*** DATA PROVIDED Section Begins ***
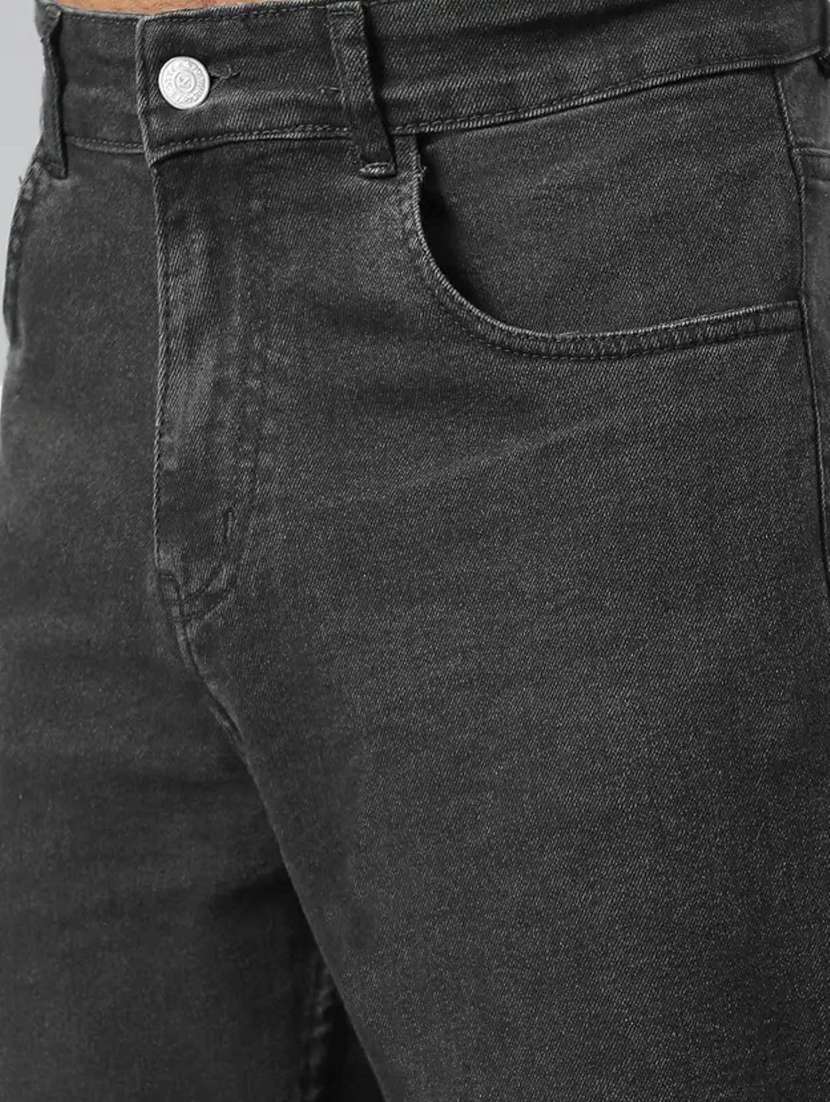 men grey plain mid rise baggy jeans - 22012905 -  Standard Image - 3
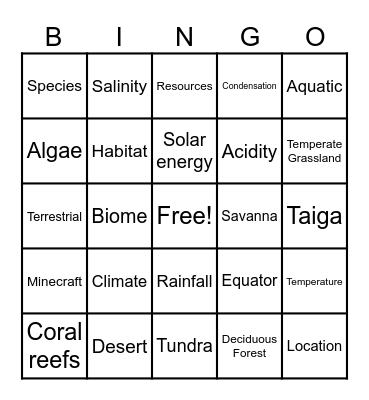 Biome Bingo Card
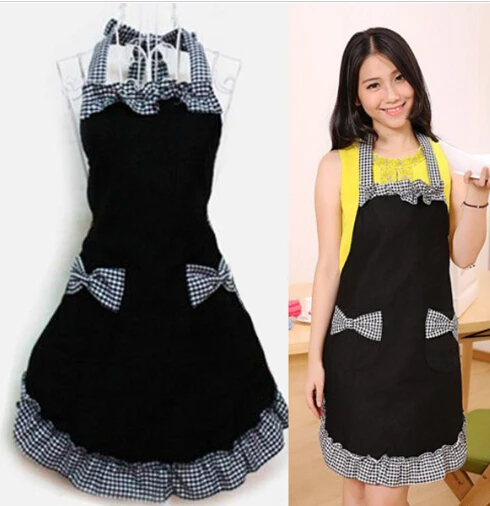 

Black Red Color Bib Apron Dress Flirty Vintage Kitchen Womens Bowknot with Pocket Gift Newest 2018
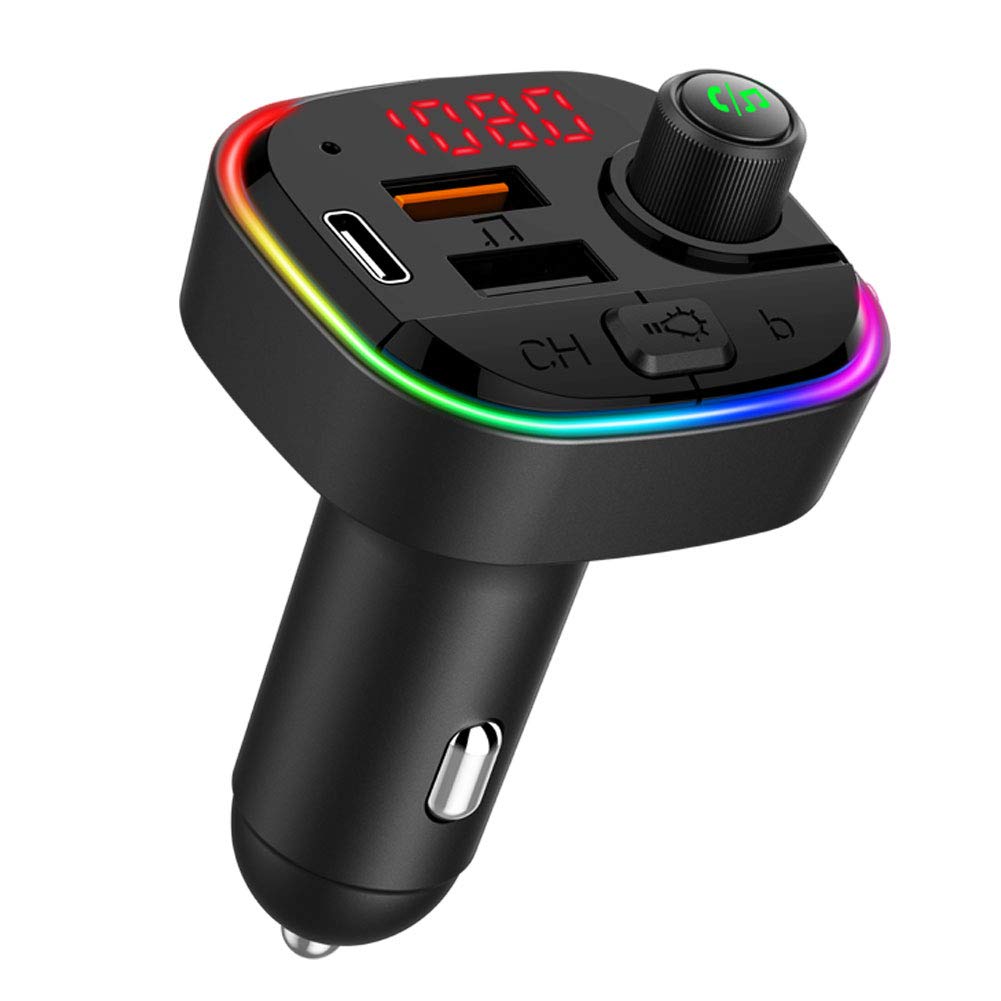 Ohitec Bluetooth Fm Transmitter For Car, Qc3.0 & Usb C Pd 18W Quick Charger & 7 Colors Led Backlit Car Radio Bluetooth Adapter, 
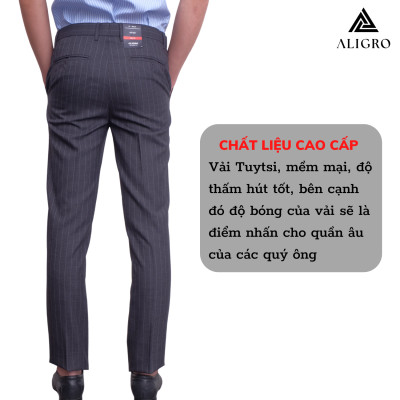 Quần Âu Nam Aligro Màu Xanh Kẻ Sọc Vàng Nhỏ Chất Liệu Cao Cấp, Chuẩn Form Slimfit, Tôn Dáng ALGO1057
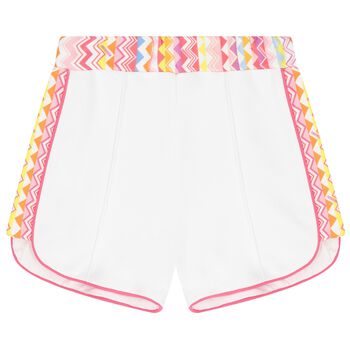Girls White Zigzag Shorts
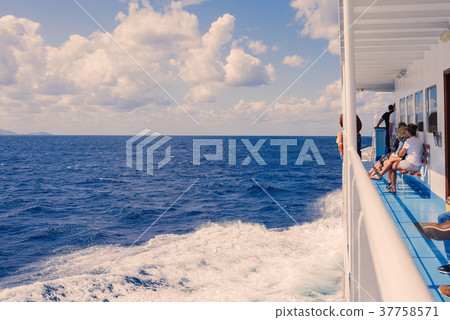View of the Greek island and little yacht View of the Greek island and little yacht 37758571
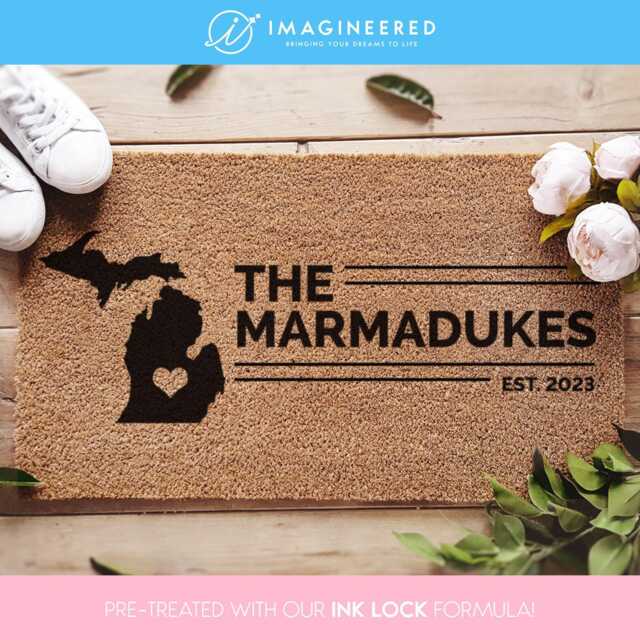 Custom Michigan State Map - Personalized Doormat Home Us New House Decor Gift Usa Rug - image 1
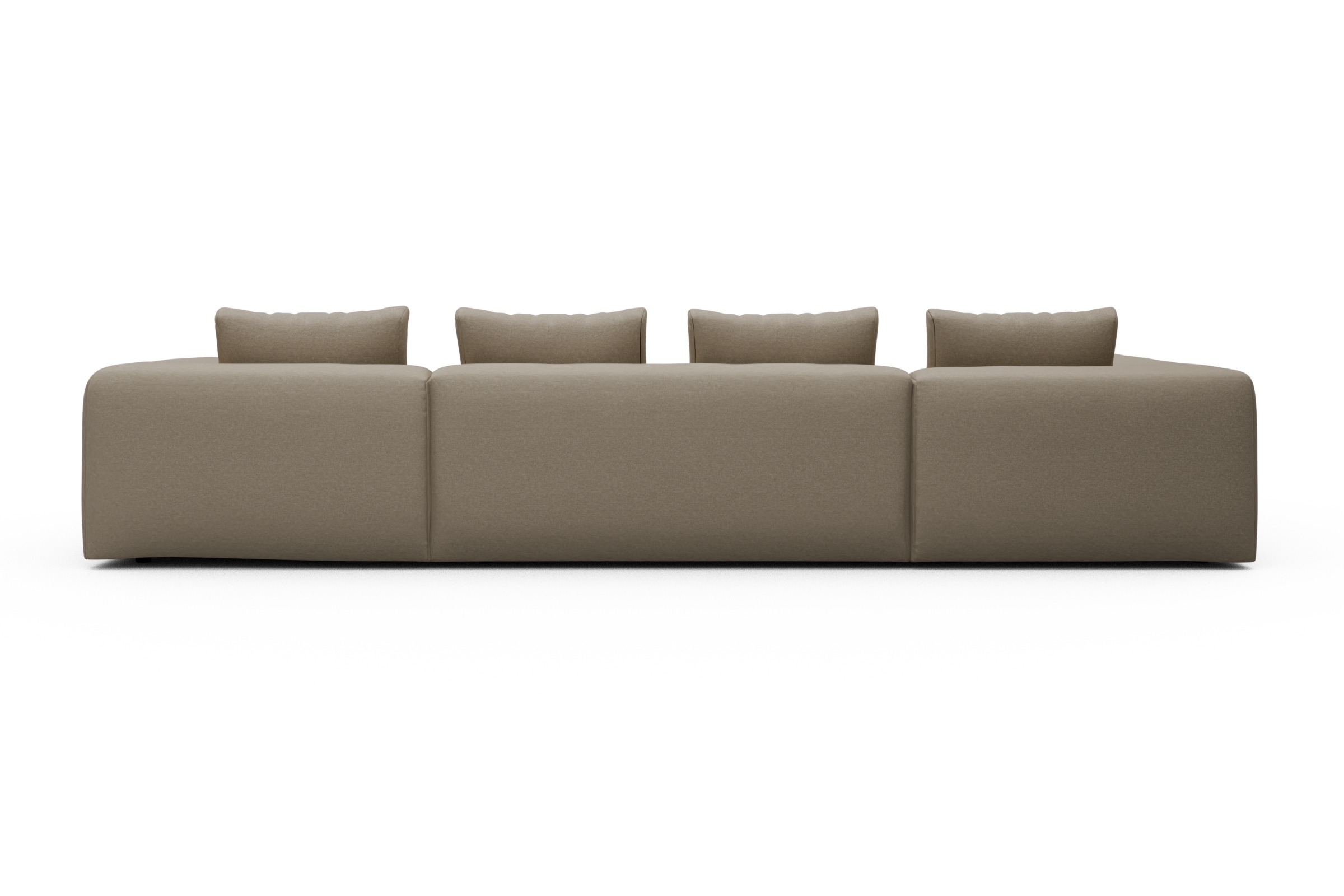 Wohnlandschaft Fred Relax-Ecke links mit 2-Sitzer und Chaiselongue rechts Strukturierter Stoff Satya 445-Natural-Beige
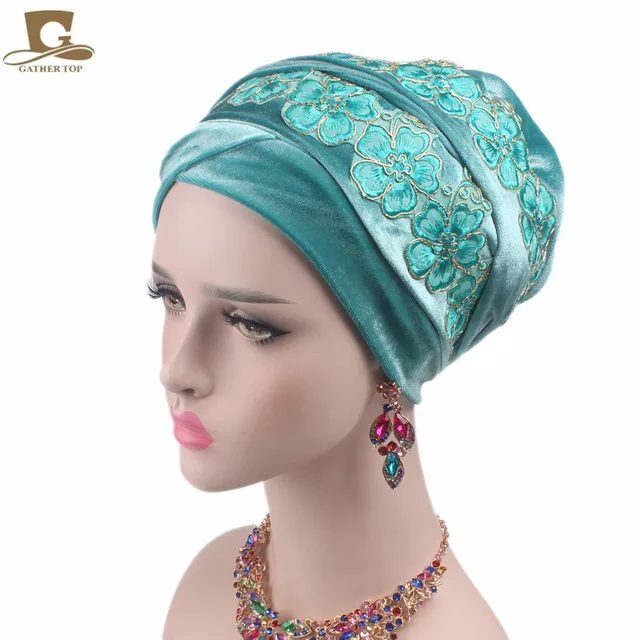 New Luxury 3D flower Velvet Nigerian Turban long Head Wrap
*** DATA PROVIDED Section Ends ***
- TASK STATEMENT
Your answer must be the lines from the one containing "Girls White Zigzag Shorts" through the last line of the records, printed exactly with no pictures; please include both ends.

- ANSWER SECTION
Girls White Zigzag Shorts
View of the Greek island and little yacht View of the Greek island and little yacht 37758571
 Custom Michigan State Map - Personalized Doormat Home Us New House Decor Gift Usa Rug - image 1
 Wohnlandschaft Fred Relax-Ecke links mit 2-Sitzer und Chaiselongue rechts Strukturierter Stoff Satya 445-Natural-Beige
 New Luxury 3D flower Velvet Nigerian Turban long Head Wrap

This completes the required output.